日テレの創業時の〝感激〟を、中堅以上の古い局員たちは懐しんで語る。「アメリカのテレビは、受像機がレーダーの研究からできてしまった。商品の受像機を売るには、放送をするしかない。というので局ができ、放送がはじまった。ところが、日本のテレビは、局ができて、放送がはじまった。そこで、メーカーが受像機を造って売り出した……と全く逆なのだ。そこに着眼した、〝正力テレビ〟の街頭受像機の設置という構想は、実にすばらしいものだった——」
構想はすばらしくとも、誰も理解してくれなかった。正力は、資金集めにかけずりまわり、青息吐息であった。だが、その苦心が実って、保全経済会の伊藤斗福の一億円を皮切りに、ようやく事業は緒についた。
「盛り場に設置された街頭テレビの前は、黒山の人だかり。誇らしげに読売の販売店のオヤジさんがかけまわり、私たちもカメラマンの脚立が倒れないように押えてやったものでした。あの感激は、終生忘れられないでしょう。……だから、私たちには、読売新聞というのは、本家とも実家とも感じられます」
四十三年九月期の有価証券報告書をみると、大株主名簿には、もちろん、「保全経済会」などという、〝忌まわしい〟サギ団体の名前などはない。

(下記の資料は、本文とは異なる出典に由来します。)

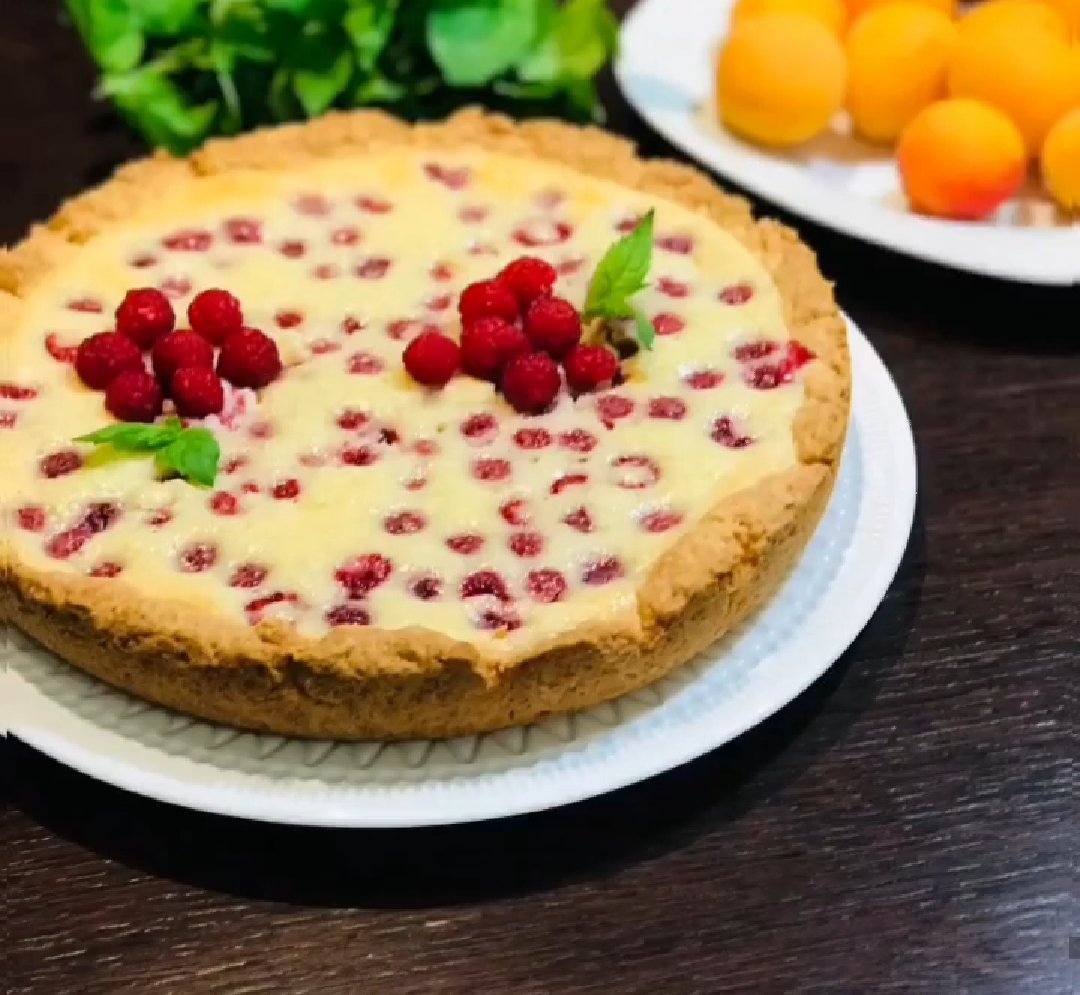 Заливной пирог с фруктами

読売テレビ(大阪)の八・○○%を筆頭に、
読売新聞七・三六%、以下、東洋信託、光亜証券、野村証券、大和銀行、第一生命、日本生命、同和火災、三菱信託と、一流どころがズラリと並ぶ。総勢二十七名にもおよぶ役員は、監査役の京成電鉄相談役が四、五六○株をもっているのを除いて、正力会長以下誰も一株ももっていない。

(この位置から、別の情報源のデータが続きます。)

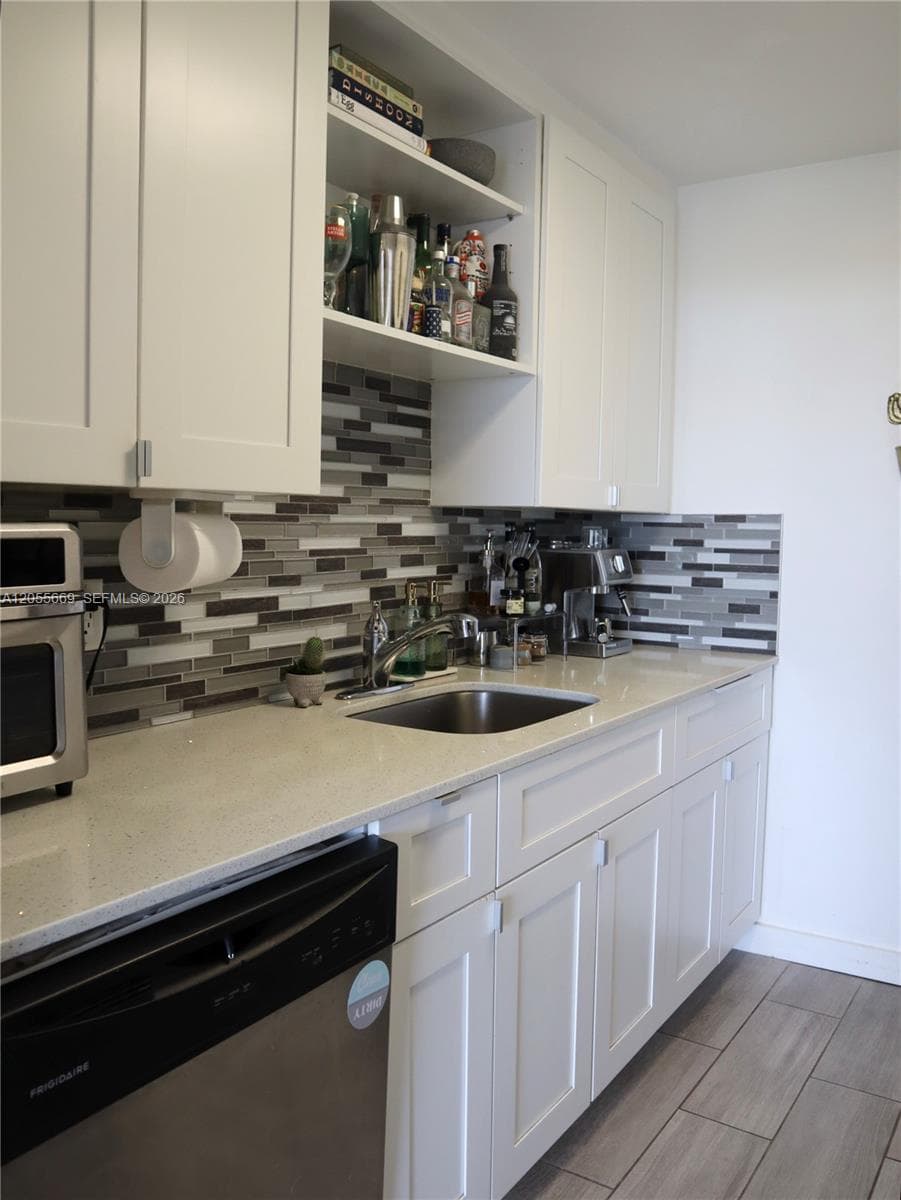 VECINO DEL MAR CONDO · #607 in North Miami - Photo 6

創立当初、朝日、毎日にも協力してもらった義理もあってか、平取ではあるが、毎日梅島社長と、朝日谷口取締役(現社友)とが入っている。しかし、読売で十五・三六%の株をもち、正力一家三名が重役に列していながら、日テレ全体の雰囲気は、全く冷たくよそよそしくて、読売人や報知人にとっては、他人の家である。

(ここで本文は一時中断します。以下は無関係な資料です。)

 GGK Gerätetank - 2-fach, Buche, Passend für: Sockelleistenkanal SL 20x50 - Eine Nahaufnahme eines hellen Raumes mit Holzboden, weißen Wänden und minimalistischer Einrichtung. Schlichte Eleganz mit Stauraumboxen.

「それは、日本テレビが開局十七年にもなろうというのに、上、中、下という大きく三つにわけて、断層があるのです。コミュニケーションが全くないのです」
武が日テレに入り、柴田専務が実現する前に、局長クラスの一斉更迭が行なわれた。それもまた突然であり、何の説明もなかったのであった。日テレに関する限り、人事異動は、常に突然、いうなれば、〝朝、目がさめたらこうなっていた〟のである。
「これでは〝伝説〟が生れない——」
こういって、古手の、開局当時を知っている連中が嘆く。〝伝説〟のないところに、上下のコミュニケーションは生じないという。
どこの社でも、幹部の異動などは、社内で下馬評が生まれ、二、三の意外性をのぞいては、お
おむね、下馬評通りの発令になるというのが定石である。それが、日テレではついぞそんなことはなかったという。